The material below holds the lines to copy: from the one with "Tort Law Dissertations" up to and including the one with "Postcard прекрасная открытка". Copy them exactly and skip the pictures.

*** Opening of LISTED ENTRIES ***

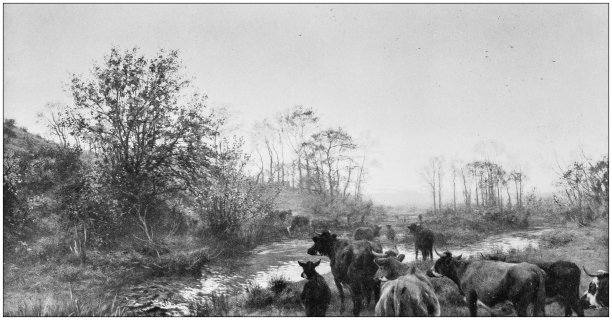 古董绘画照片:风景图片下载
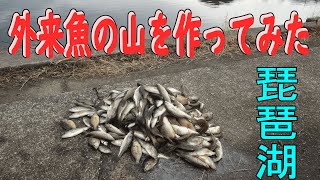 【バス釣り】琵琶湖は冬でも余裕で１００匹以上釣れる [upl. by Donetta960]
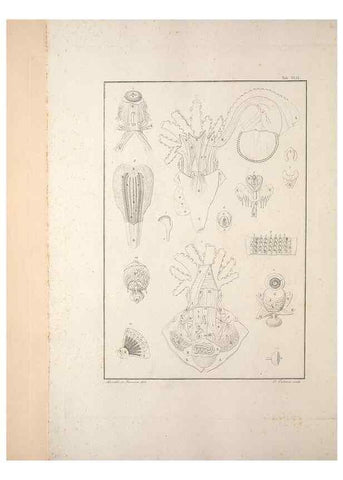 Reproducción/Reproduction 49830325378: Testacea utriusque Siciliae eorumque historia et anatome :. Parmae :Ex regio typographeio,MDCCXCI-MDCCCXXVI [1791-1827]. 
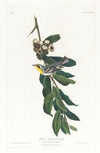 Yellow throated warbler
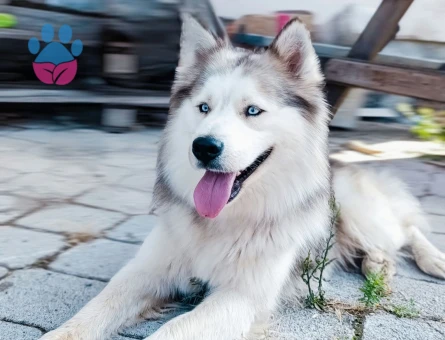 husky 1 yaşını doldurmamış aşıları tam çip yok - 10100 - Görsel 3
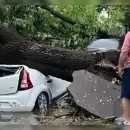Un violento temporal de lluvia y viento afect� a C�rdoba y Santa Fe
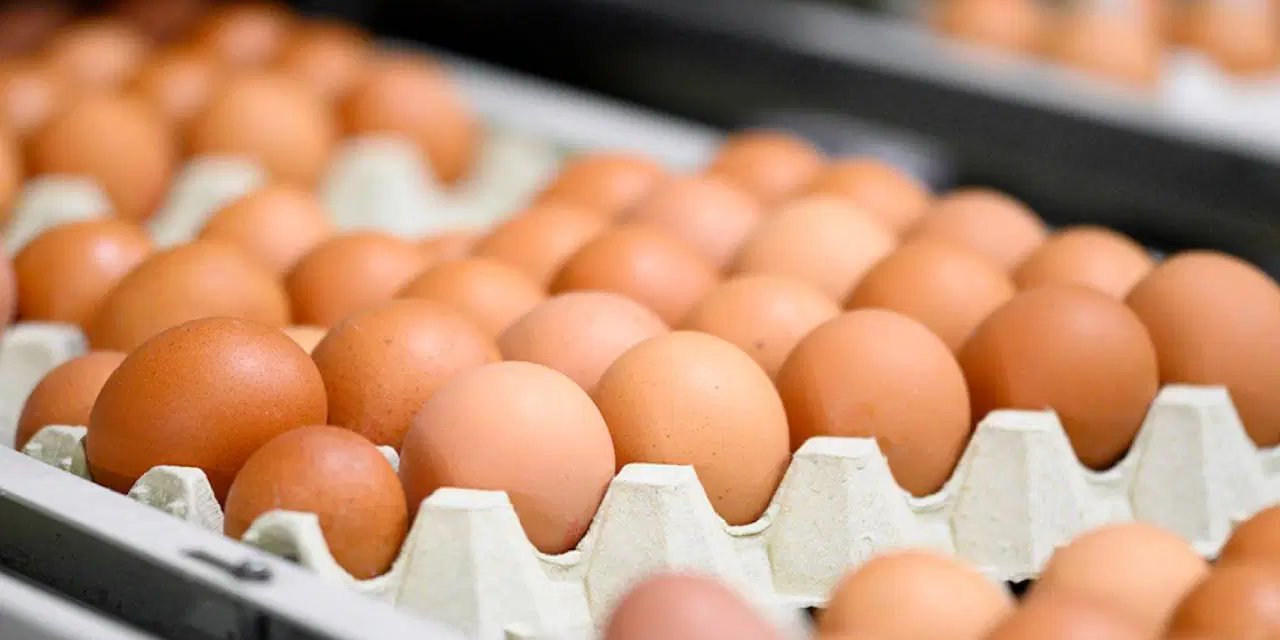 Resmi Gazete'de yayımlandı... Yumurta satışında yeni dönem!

*** Close of LISTED ENTRIES ***
*** Opening of LISTED ENTRIES ***

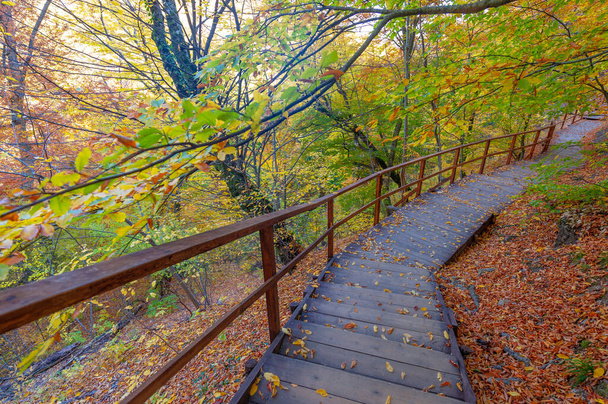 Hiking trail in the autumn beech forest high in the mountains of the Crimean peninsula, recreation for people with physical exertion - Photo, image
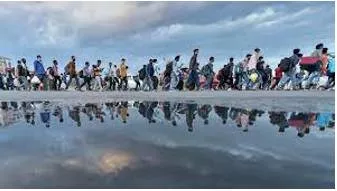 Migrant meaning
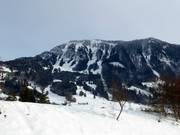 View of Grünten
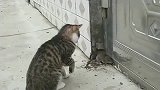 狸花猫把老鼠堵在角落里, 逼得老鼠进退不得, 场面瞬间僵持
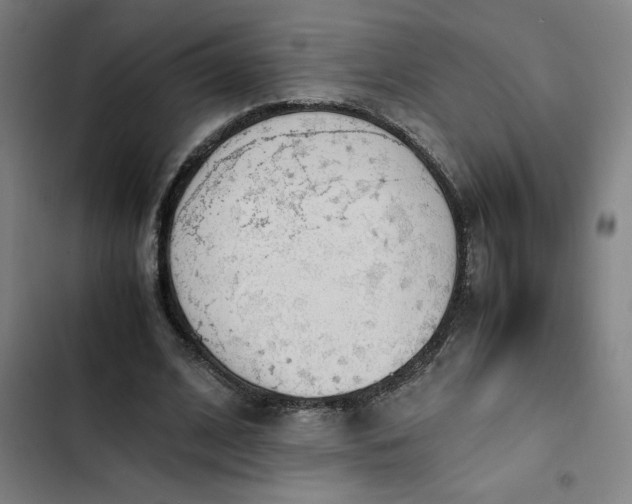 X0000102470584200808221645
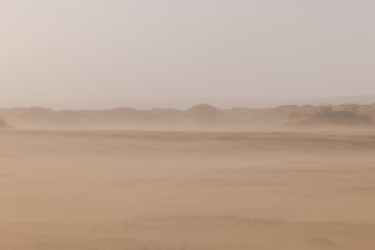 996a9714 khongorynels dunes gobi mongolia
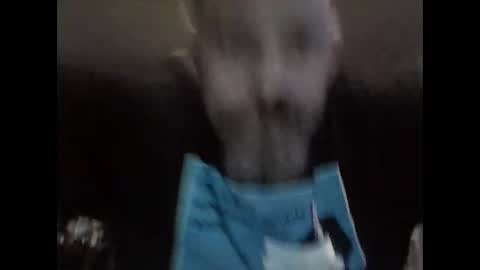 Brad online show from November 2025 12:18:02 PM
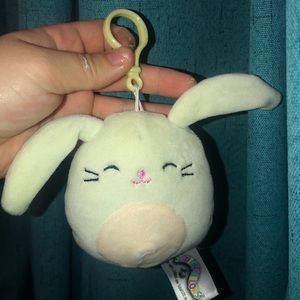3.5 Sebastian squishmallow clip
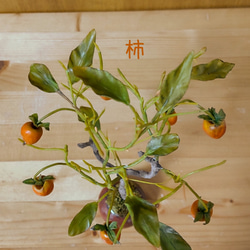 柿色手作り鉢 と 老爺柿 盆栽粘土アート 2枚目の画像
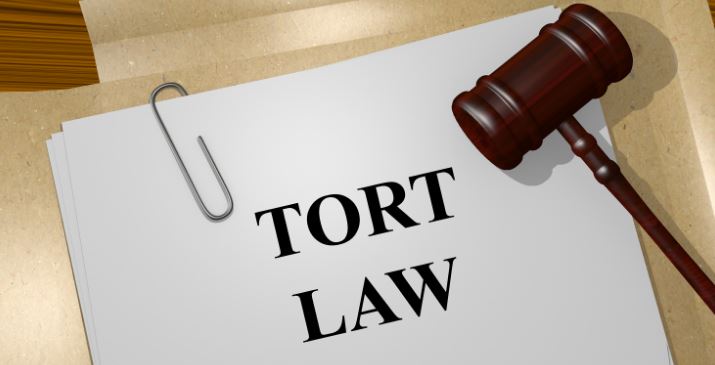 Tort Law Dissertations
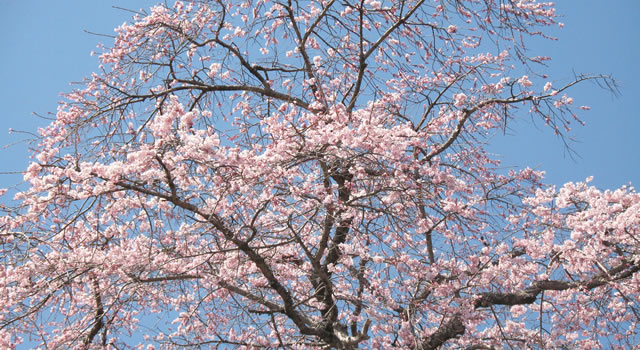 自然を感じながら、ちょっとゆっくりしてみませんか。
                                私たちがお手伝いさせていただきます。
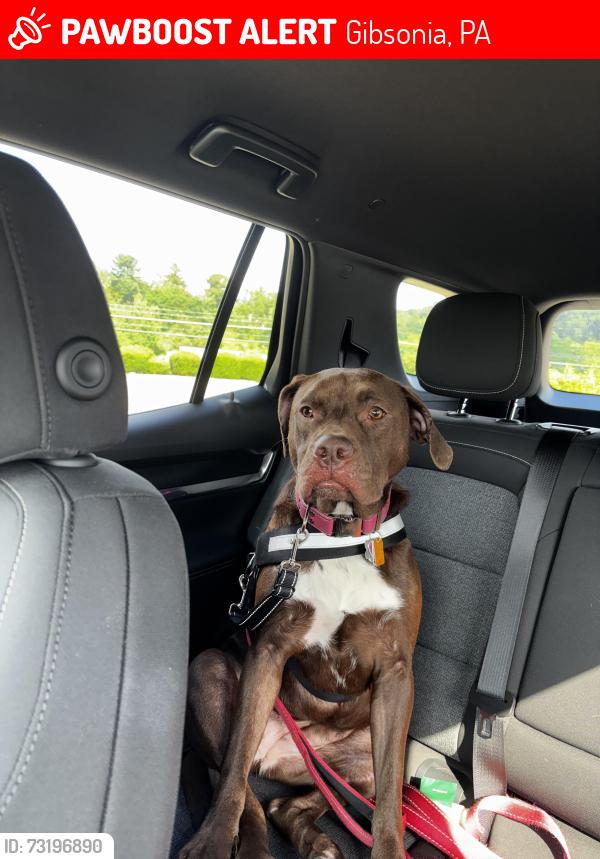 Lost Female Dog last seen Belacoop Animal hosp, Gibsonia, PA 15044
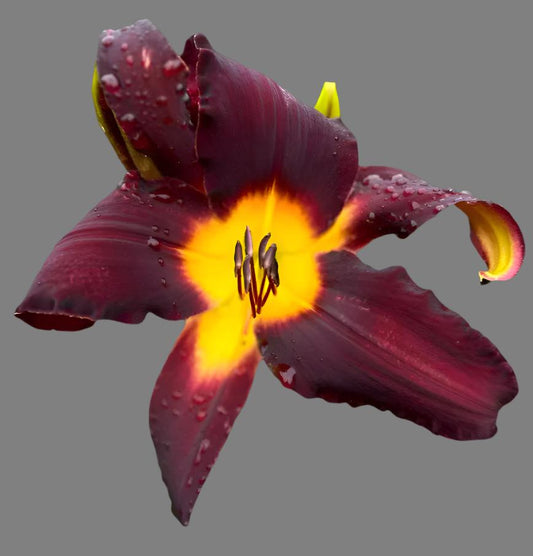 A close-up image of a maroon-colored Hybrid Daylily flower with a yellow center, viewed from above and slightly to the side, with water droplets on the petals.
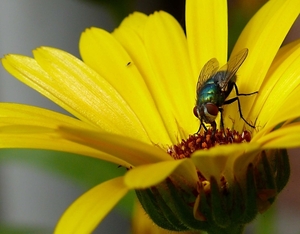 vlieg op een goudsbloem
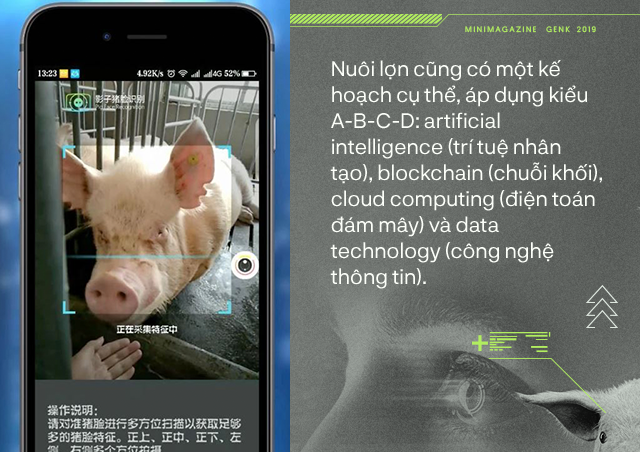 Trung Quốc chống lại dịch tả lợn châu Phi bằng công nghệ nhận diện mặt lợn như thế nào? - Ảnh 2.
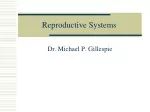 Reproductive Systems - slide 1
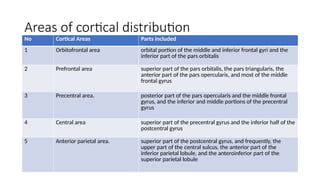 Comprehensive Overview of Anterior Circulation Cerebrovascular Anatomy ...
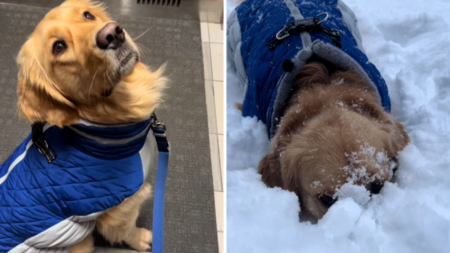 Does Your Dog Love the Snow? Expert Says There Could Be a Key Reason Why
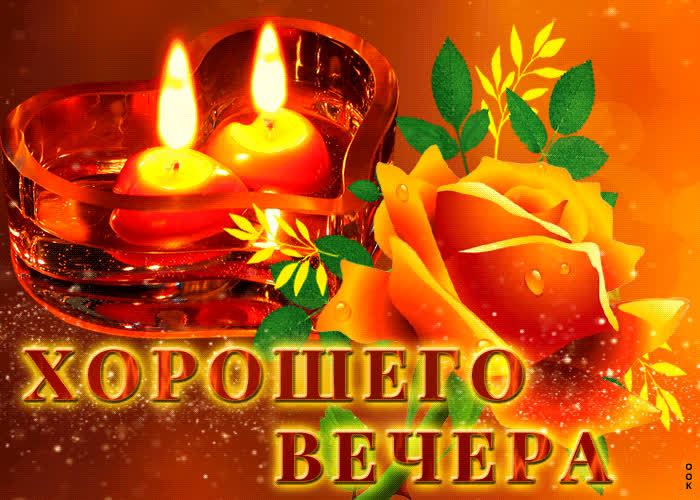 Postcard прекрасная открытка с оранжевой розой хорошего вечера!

*** Close of LISTED ENTRIES ***
*** Opening of LISTED ENTRIES ***

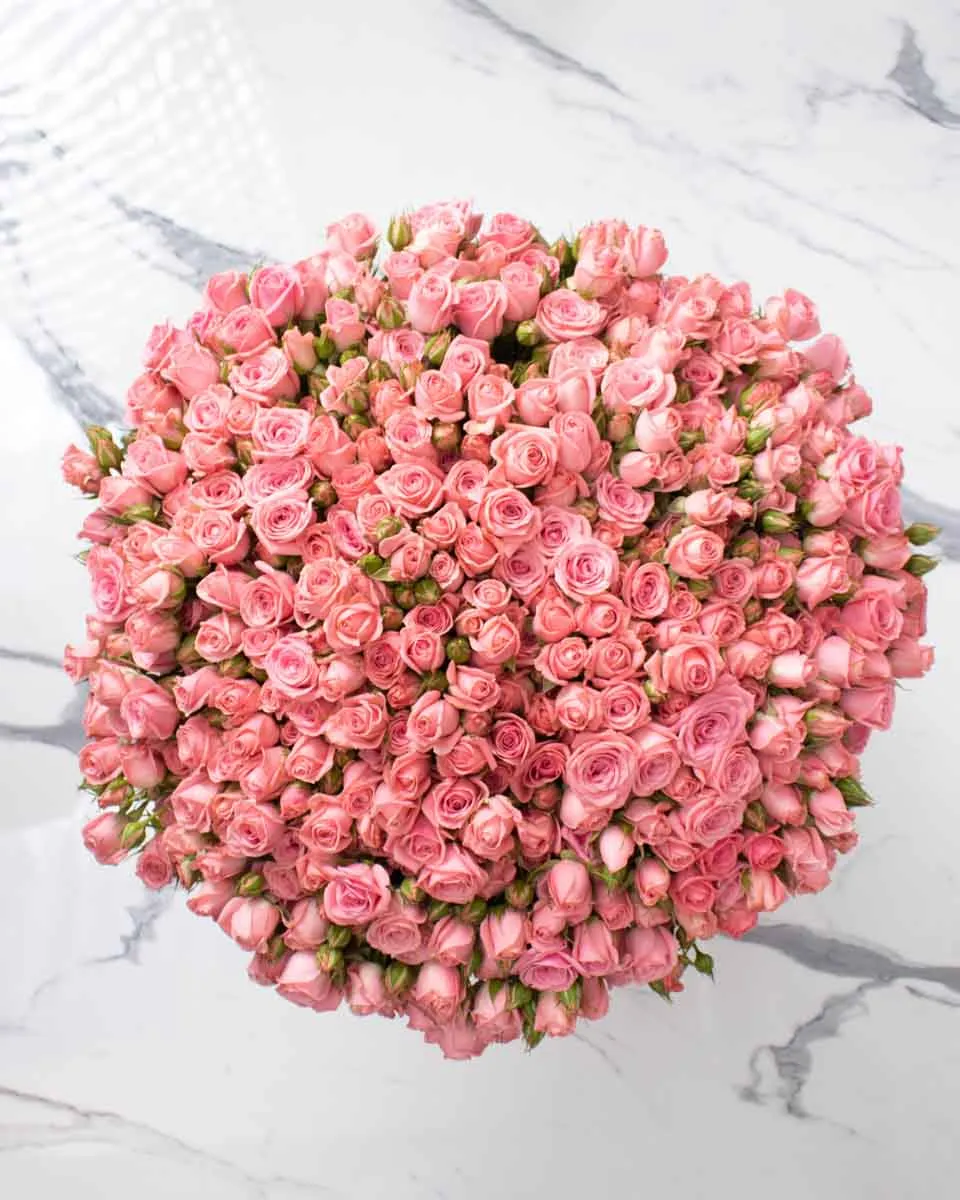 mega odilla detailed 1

*** Close of LISTED ENTRIES ***

▶ **RESULT FOR THIS EXERCISE**:
 Tort Law Dissertations
 自然を感じながら、ちょっとゆっくりしてみませんか。
                                私たちがお手伝いさせていただきます。
 Lost Female Dog last seen Belacoop Animal hosp, Gibsonia, PA 15044
 A close-up image of a maroon-colored Hybrid Daylily flower with a yellow center, viewed from above and slightly to the side, with water droplets on the petals.
 vlieg op een goudsbloem
 Trung Quốc chống lại dịch tả lợn châu Phi bằng công nghệ nhận diện mặt lợn như thế nào? - Ảnh 2.
 Reproductive Systems - slide 1
 Comprehensive Overview of Anterior Circulation Cerebrovascular Anatomy ...
 Does Your Dog Love the Snow? Expert Says There Could Be a Key Reason Why
 Postcard прекрасная открытка с оранжевой розой хорошего вечера!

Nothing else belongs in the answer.